Required action:
From the listing below, output the lines between the one with "4x Toner F, Shirt" and the one with "2,2,5,5-Tetrakis(chloromethyl) cyclopentanone", including those two, and nothing else. Pictures are not copied.

══════════

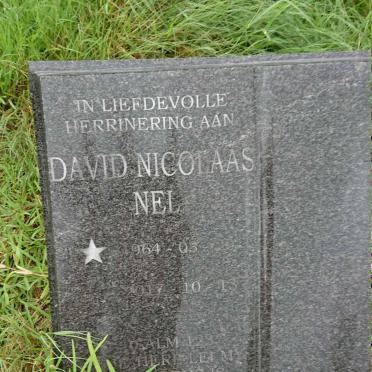 NEL David Nicolaas 1964-2017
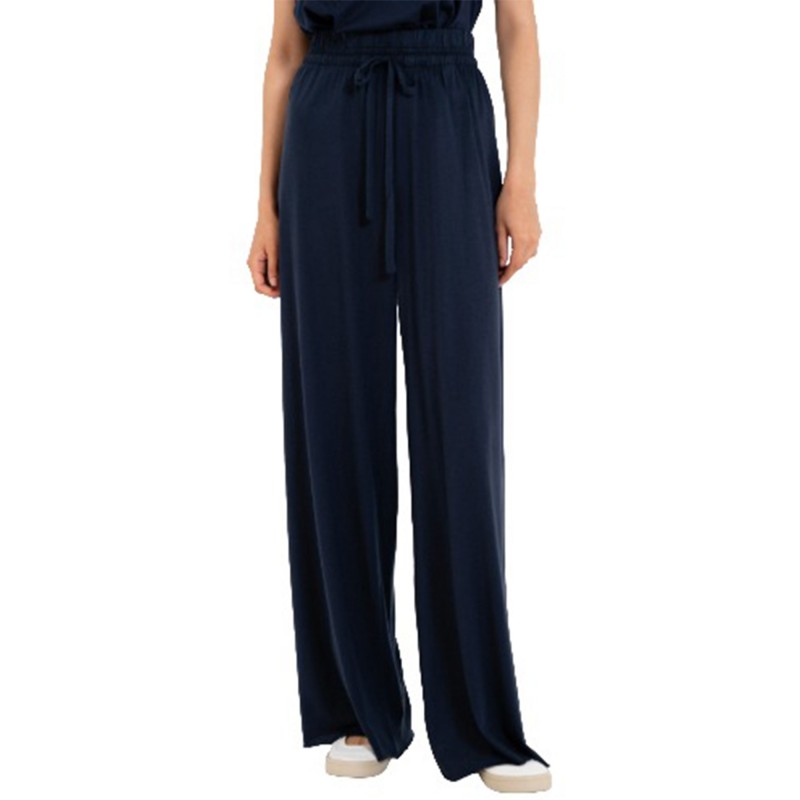 Philosophy Trousers Wide Leg-Blue Philosophy Trousers Wide Leg-Blue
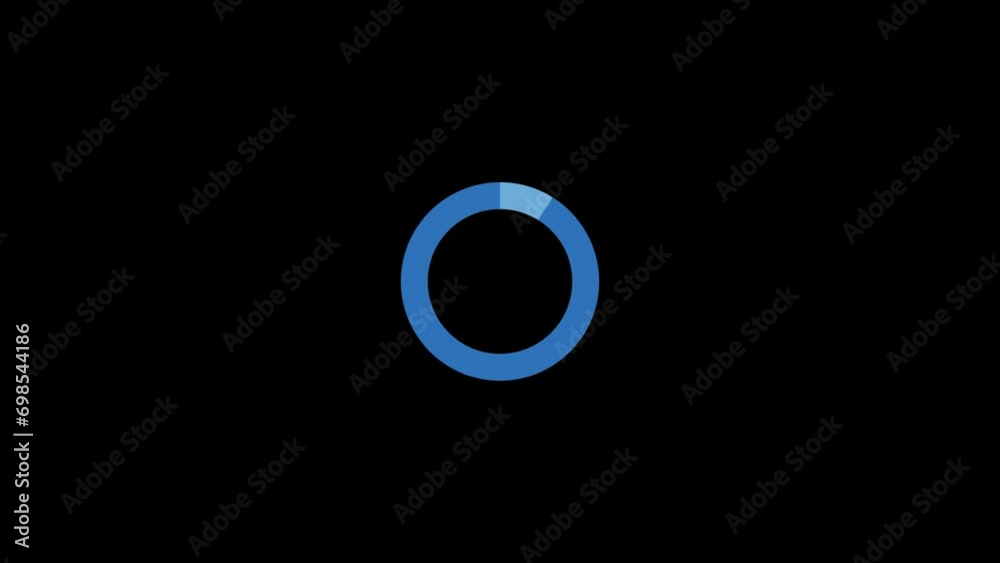 Loading stock motion animation video Loading stock motion animation video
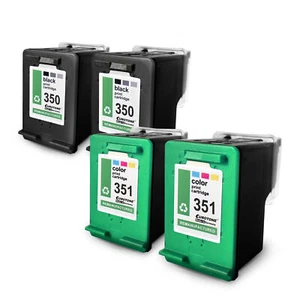 4x Toner F, Shirt R HP C5280 J5725 C4225 J6405 C4580 C4280 J5735 C4585 C5290 - Picture 1 of 5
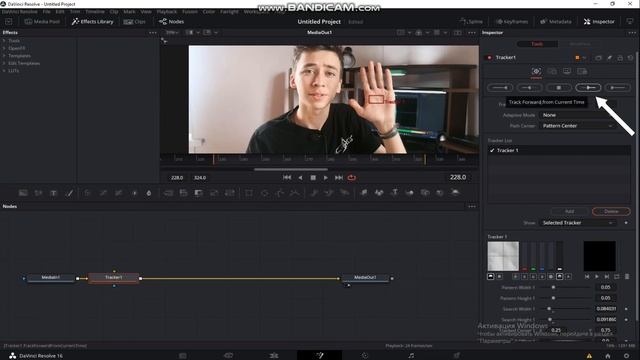 КАК Сделать ТРЕКИНГ в Davinci Resolve | Уроки по Davinci Resolve 16 | смотреть онлайн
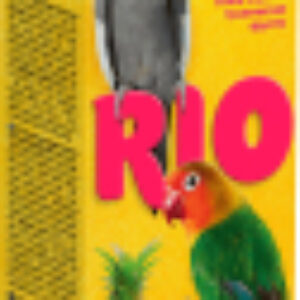 Лакомство для птиц RIO Палочки для средних попугаев с тропическими фруктами 21век
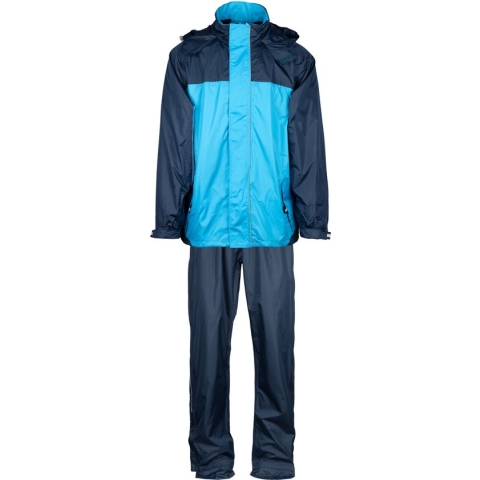 Ralka Regenpak - Intensive - Marine/Azuurblauw - XXL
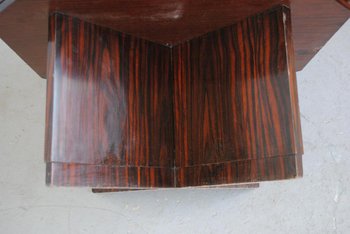 Macassar Ebony 1930 Art Deco Coffee Table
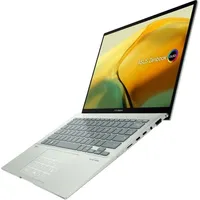 Asus ZenBook laptop 14  QHD i5-1240P 16GB 512GB IrisXe W11 zöld Asus ZenBook UX illusztráció, fotó 4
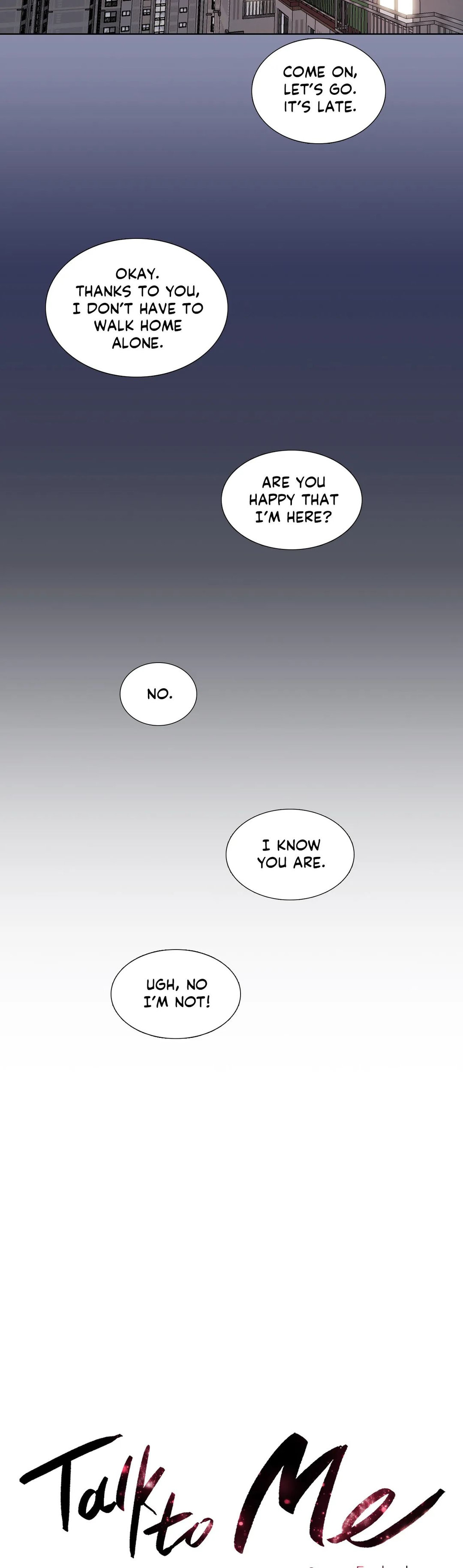Talk to Me chapter 131 page 15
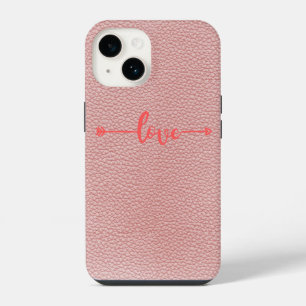 love aesthetic pink iphone 14 case. case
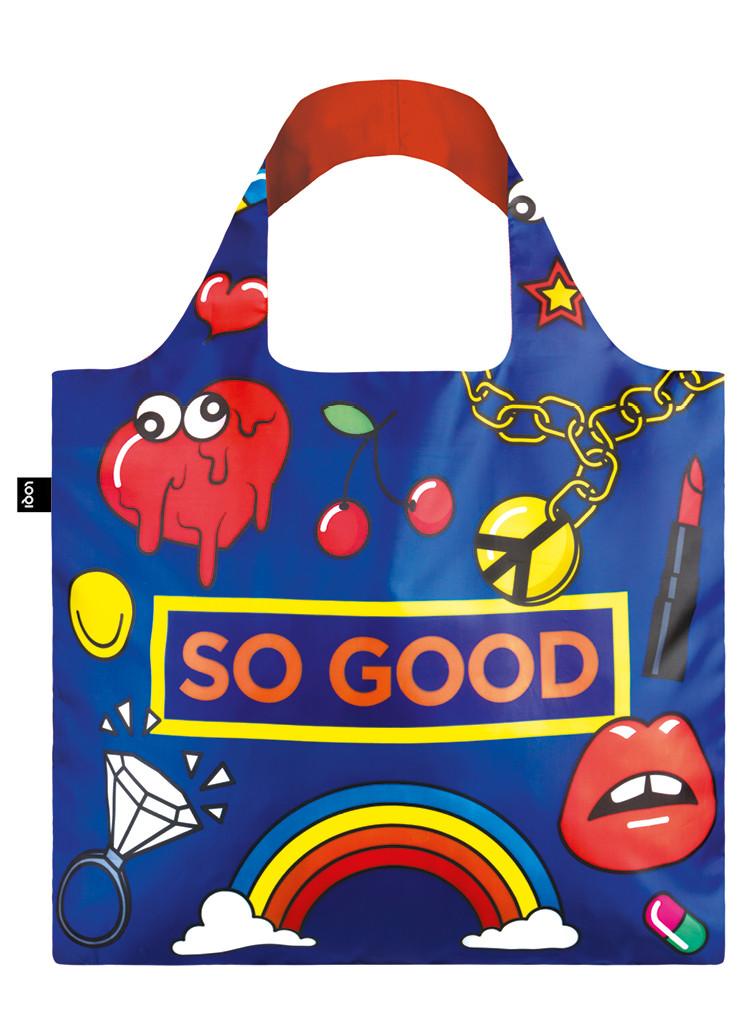 Ekologická skládací nákupní taška POP Loqi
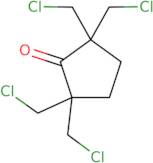 2,2,5,5-Tetrakis(chloromethyl) cyclopentanone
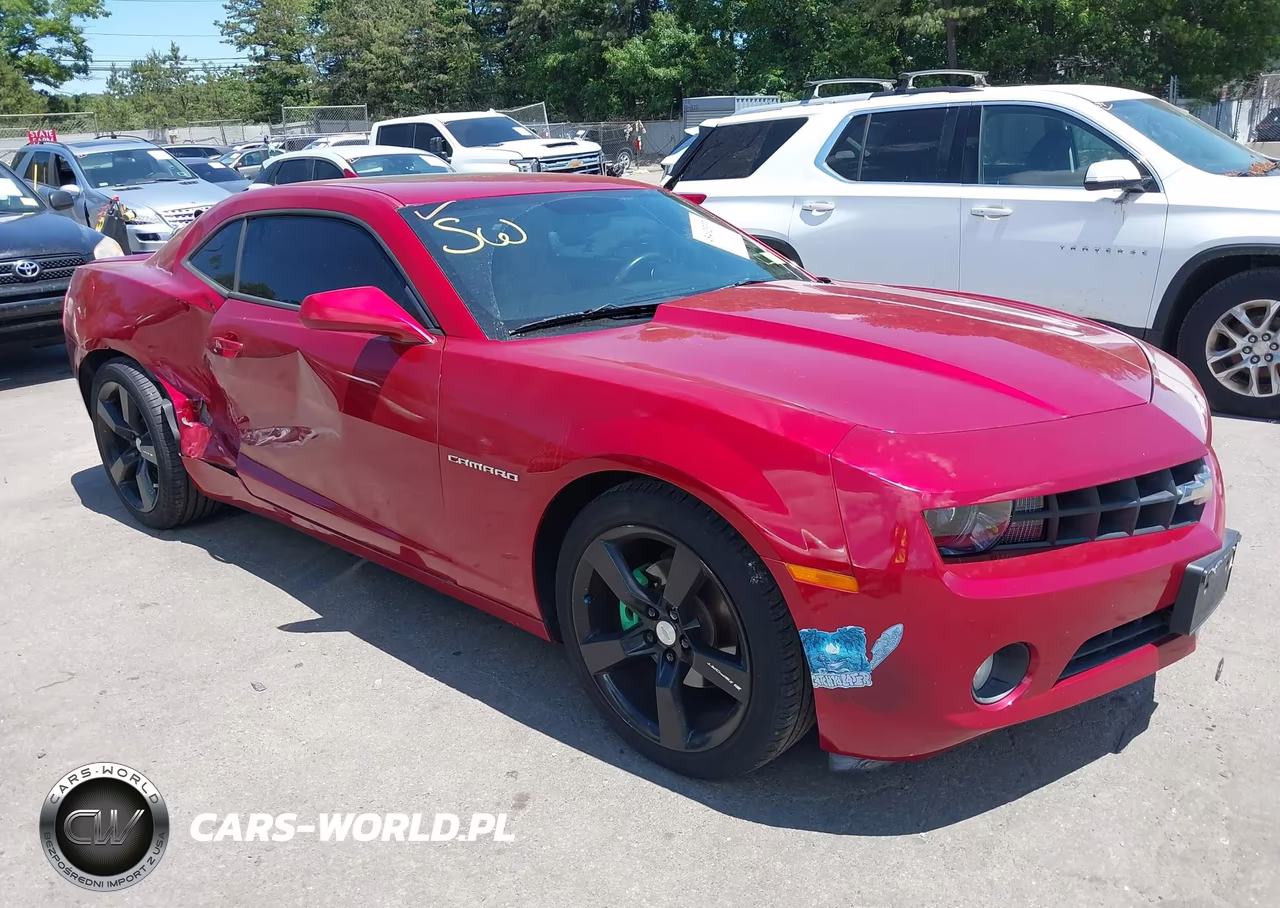 2013 Chevrolet Camaro 2Lt – zdjęcie 1 z 18
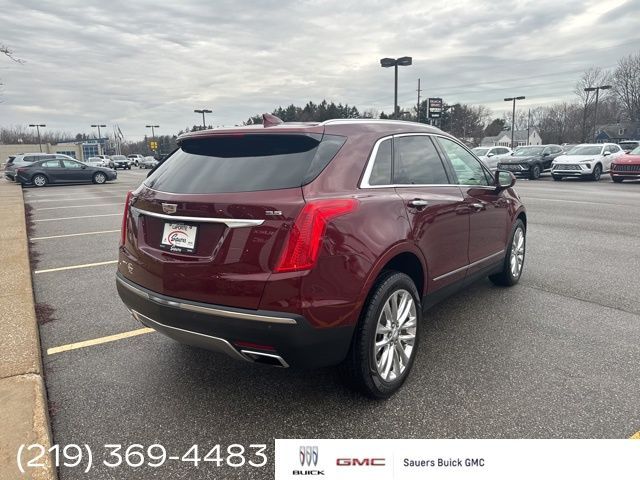 2017 Cadillac XT5 Platinum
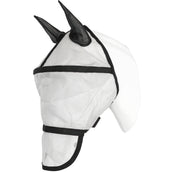 EQUITHÈME Maschera per Mosche Protec con Protezione UV Argento EQUITHÈME Maschera per Mosche Protec con Protezione UV Argento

══════════

Solution to this exercise:
 4x Toner F, Shirt R HP C5280 J5725 C4225 J6405 C4580 C4280 J5735 C4585 C5290 - Picture 1 of 5
 КАК Сделать ТРЕКИНГ в Davinci Resolve | Уроки по Davinci Resolve 16 | смотреть онлайн
 Лакомство для птиц RIO Палочки для средних попугаев с тропическими фруктами 21век
 Ralka Regenpak - Intensive - Marine/Azuurblauw - XXL
 Macassar Ebony 1930 Art Deco Coffee Table
 Asus ZenBook laptop 14  QHD i5-1240P 16GB 512GB IrisXe W11 zöld Asus ZenBook UX illusztráció, fotó 4
Talk to Me chapter 131 page 15
 love aesthetic pink iphone 14 case. case
 Ekologická skládací nákupní taška POP Loqi
 2,2,5,5-Tetrakis(chloromethyl) cyclopentanone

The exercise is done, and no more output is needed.